DIRECTIONS
Look for the line containing "TOYOTA YARIS CROSS HYBRID 2024 Image 31" and the line containing "Entire apartment, 1" in the entries below. Copy those two and all lines between them exactly, leaving out pictures.

INFORMATION PROVIDED
--
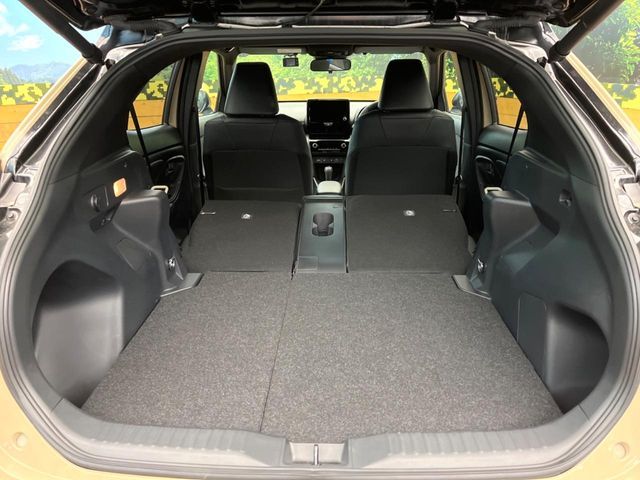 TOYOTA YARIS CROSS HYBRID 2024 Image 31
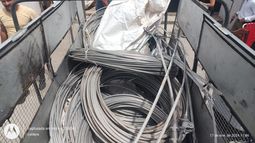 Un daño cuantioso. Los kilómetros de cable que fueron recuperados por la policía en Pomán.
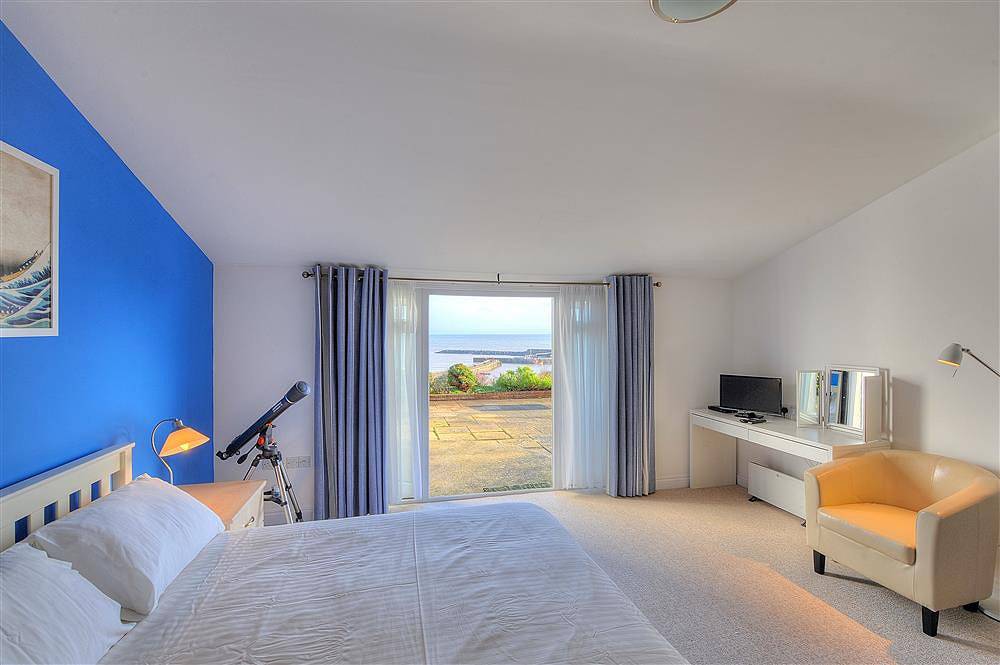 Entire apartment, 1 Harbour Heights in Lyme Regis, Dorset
--
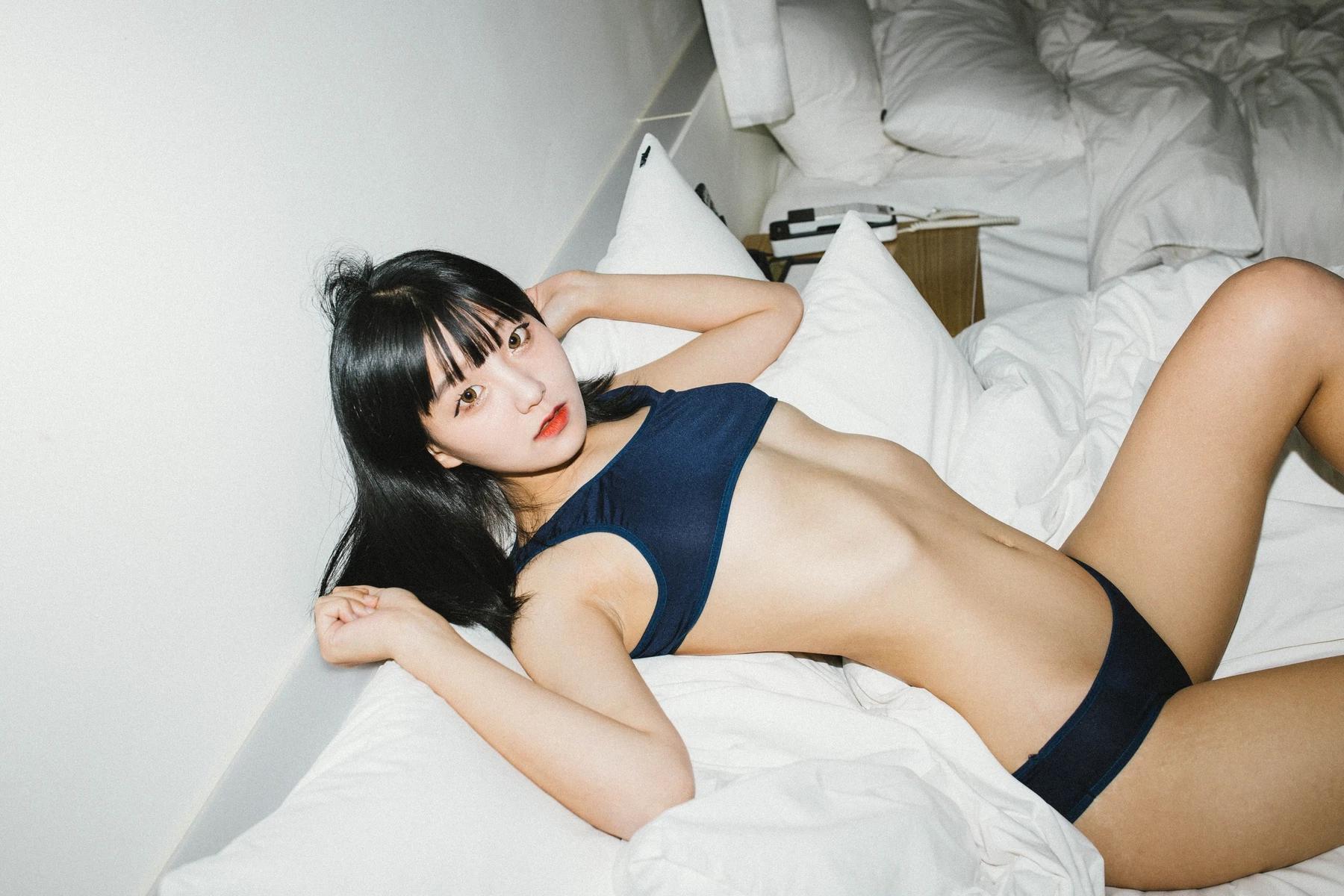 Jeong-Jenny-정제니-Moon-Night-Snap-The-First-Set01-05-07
--
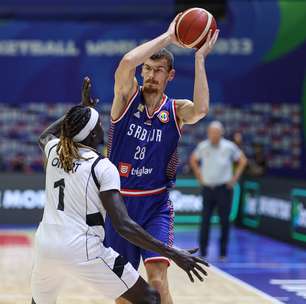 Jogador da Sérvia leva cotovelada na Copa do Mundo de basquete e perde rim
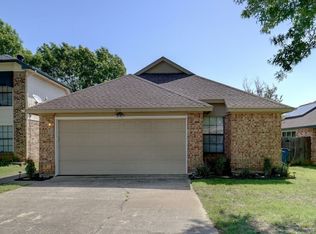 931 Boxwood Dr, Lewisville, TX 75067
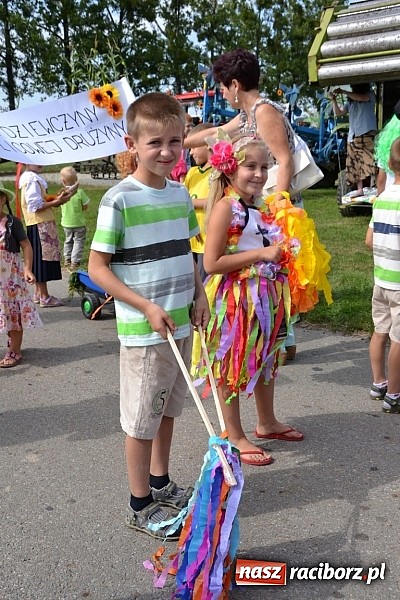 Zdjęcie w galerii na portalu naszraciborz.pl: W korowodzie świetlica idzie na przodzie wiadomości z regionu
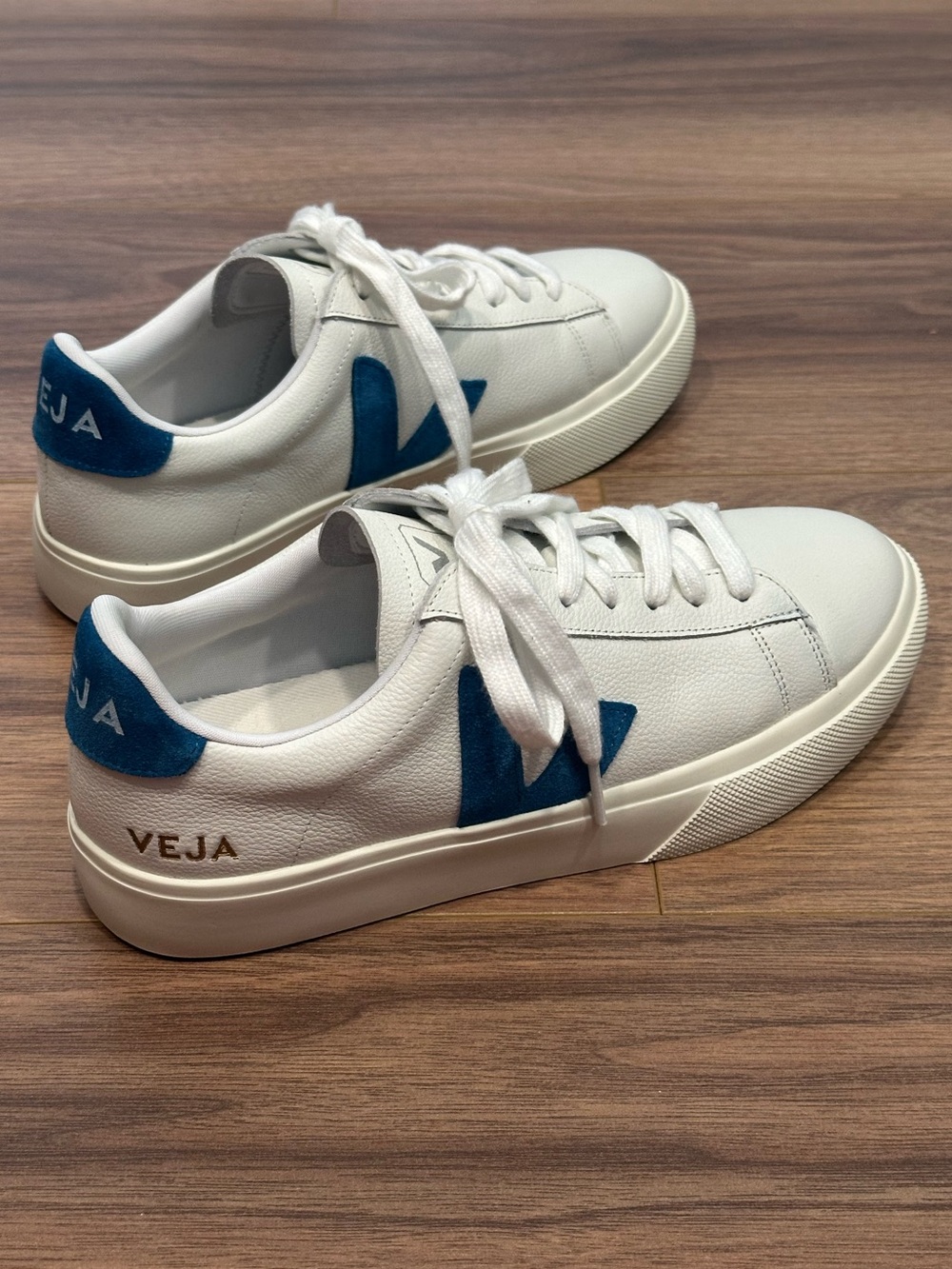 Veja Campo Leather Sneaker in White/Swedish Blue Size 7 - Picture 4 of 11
--
ANSWER BOX
 TOYOTA YARIS CROSS HYBRID 2024 Image 31
 Un daño cuantioso. Los kilómetros de cable que fueron recuperados por la policía en Pomán.
 Entire apartment, 1 Harbour Heights in Lyme Regis, Dorset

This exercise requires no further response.